Adjusted EBITDA for the fourth quarter of 2022 was $55.1 million, representing a 42% margin compared to a 45% margin a year ago. Operating expenses in Q4 increased by 25% to $58.4 million, primarily driven by the growth in sales and marketing investments including higher headcount and related costs as well as spend on trade shows.

EPS for the fourth quarter of 2022 was $1.01 and our free cash flow for the quarter – of fourth quarter of 2022 was $40.9 million representing a 31% margin compared to a 32% margin a year ago. In Q4, we continued to invest the cash we generated from operations back into Qualys including $3 million on capital expenditures and $104.5 million to repurchase $848,000 of our outstanding shares.

At the end of the quarter, we had $154.5 million remaining in our share repurchase program. We are pleased to announce that our Board has authorized an additional $100 million share repurchase program bring the total available amount for share repurchases to $254.5 million.

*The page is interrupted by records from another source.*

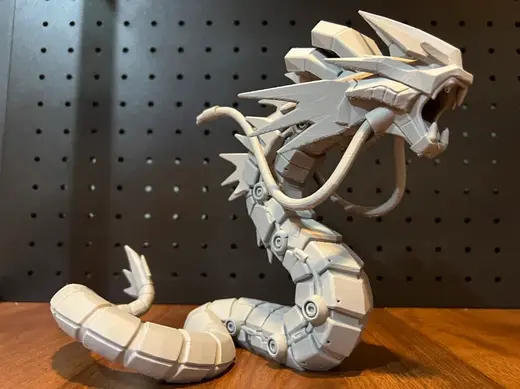 Mecha Pokemon Series — Cyber Gyarados Statue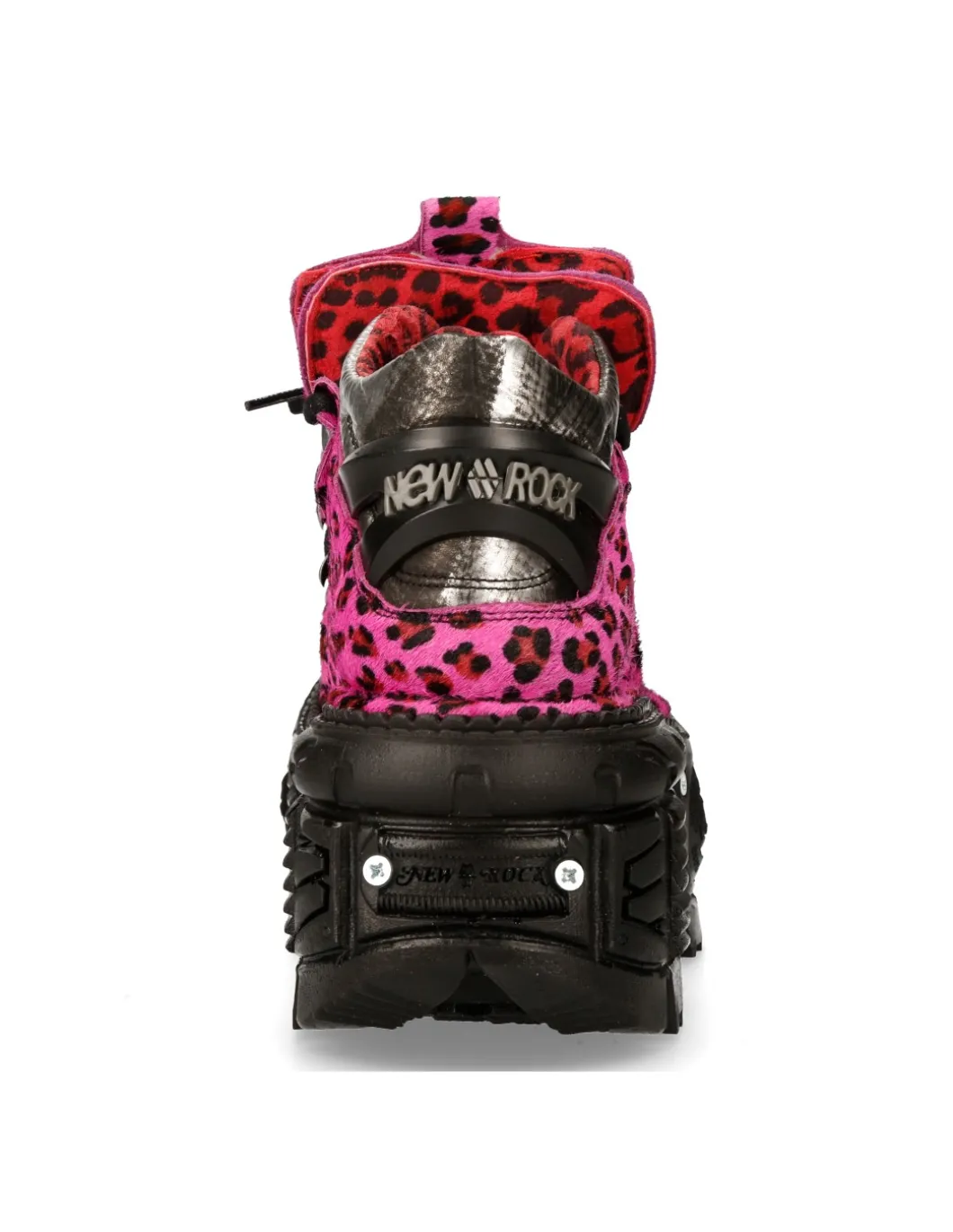 ANKLE BOOT ANIMAL PRINT IMPERFECT TANK WITH LACES M-MET011-C8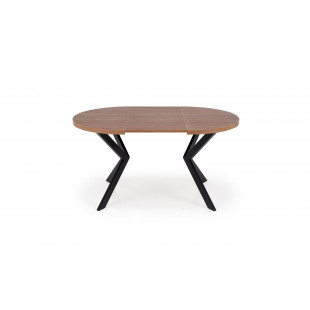 Stół okrągły rozkładany loft Peroni 100cm orzech / czarny Halmar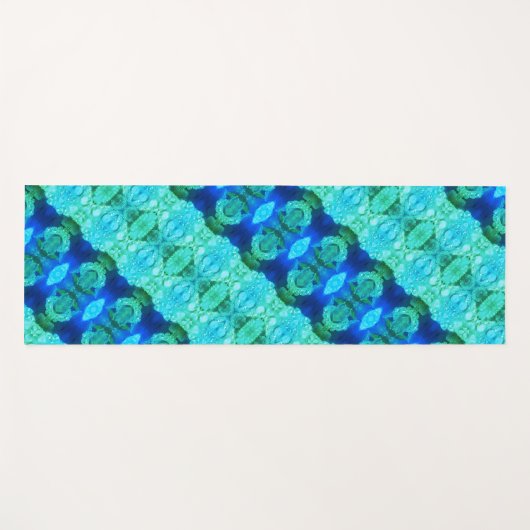 Hy Blue Ikat 9 x GL Yogamat (Voorkant (horizontaal))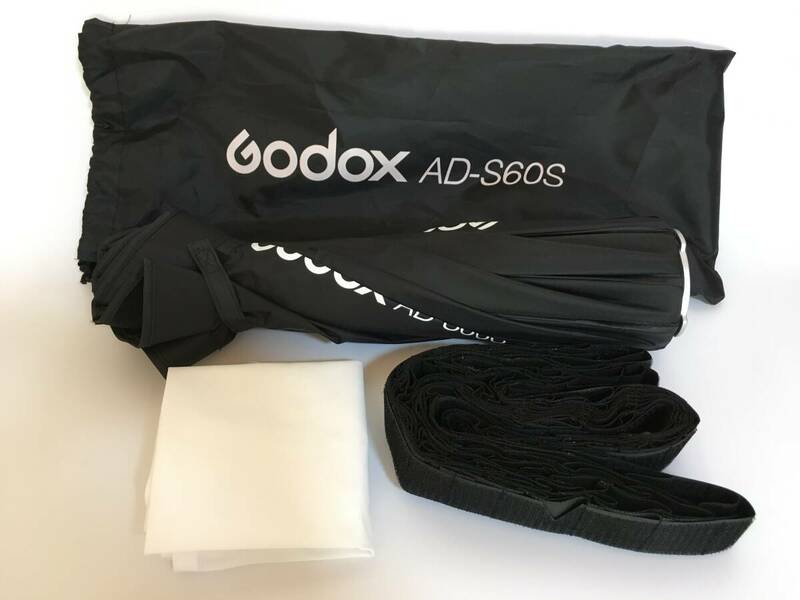 Y526★極美品 Godox AD-S60S ADS60S ポータブル ソフトボックス 60cm 23.6インチ ゴドックス マウント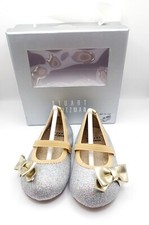 Stuart Weitzman Baby Pali Gaby Ballet Flats Shoes Glitter - Size 4 9-12 Months 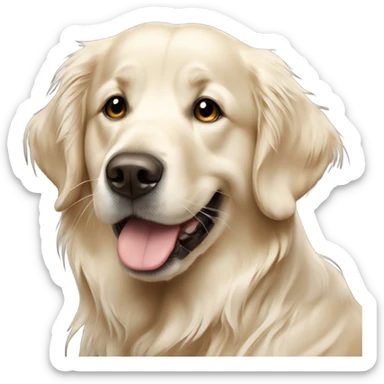 Muddy English cream golden retriever  sticker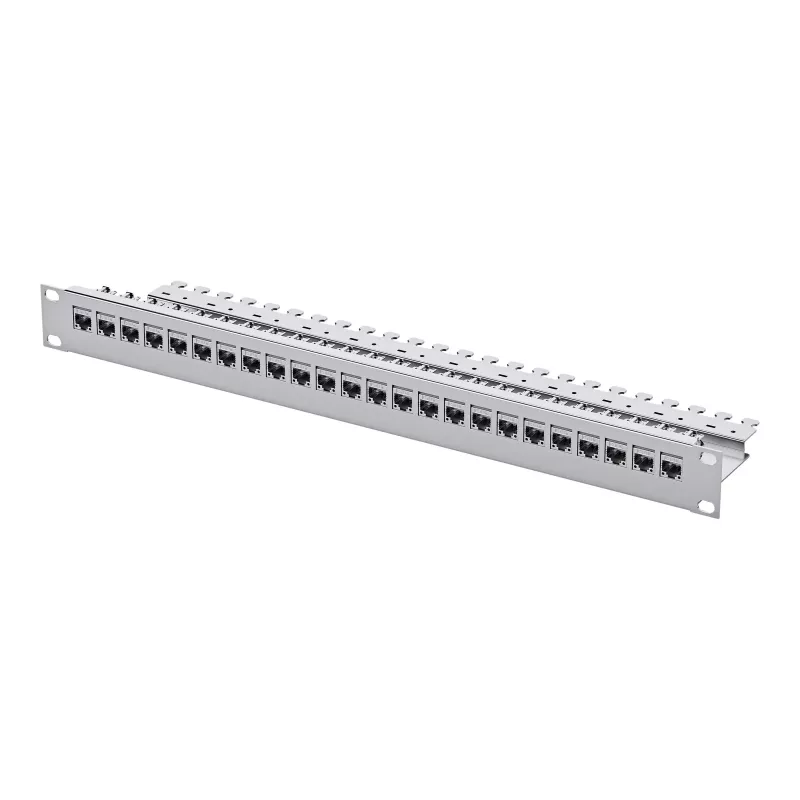 Telegärtner Panel de conexiones Cat.6 UTP de 24 puertos, 1U montaje en rack de 19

Now let us turn to our 2023 guidance. Starting with revenues for the full year 2023, our revenue guidance is $553 million to $557 million, which represents a growth rate of 13% to 14%. For the first quarter 2023, we expect revenues to be in the range of $130.2 million to $131 million representing a growth rate of 15% to 16%.

This guidance is assuming no material revenue contribution from our newer products such as Context XDR and total cloud and continued unfavorable market dynamics throughout 2023 similar to what we witnessed in the fourth quarter of 2022. Given the growth opportunities ahead of us, we will continue to invest in operations, people and systems while recognizing the importance of optimization.

As a result, we expect full year 2023 EBITDA margin to be in the low 40s roughly in line with the fourth quarter 2022 margins. We expect full year EPS to be in the range of 4.10 and 4.18 and for the first quarter of 2023 in the range of 0.95 and 0.97.

Our planned capital expenditures in 2023 is expected to be in the range of $18 million to $25 million and for the first quarter of 2023 in the range of $4 million to $5 million.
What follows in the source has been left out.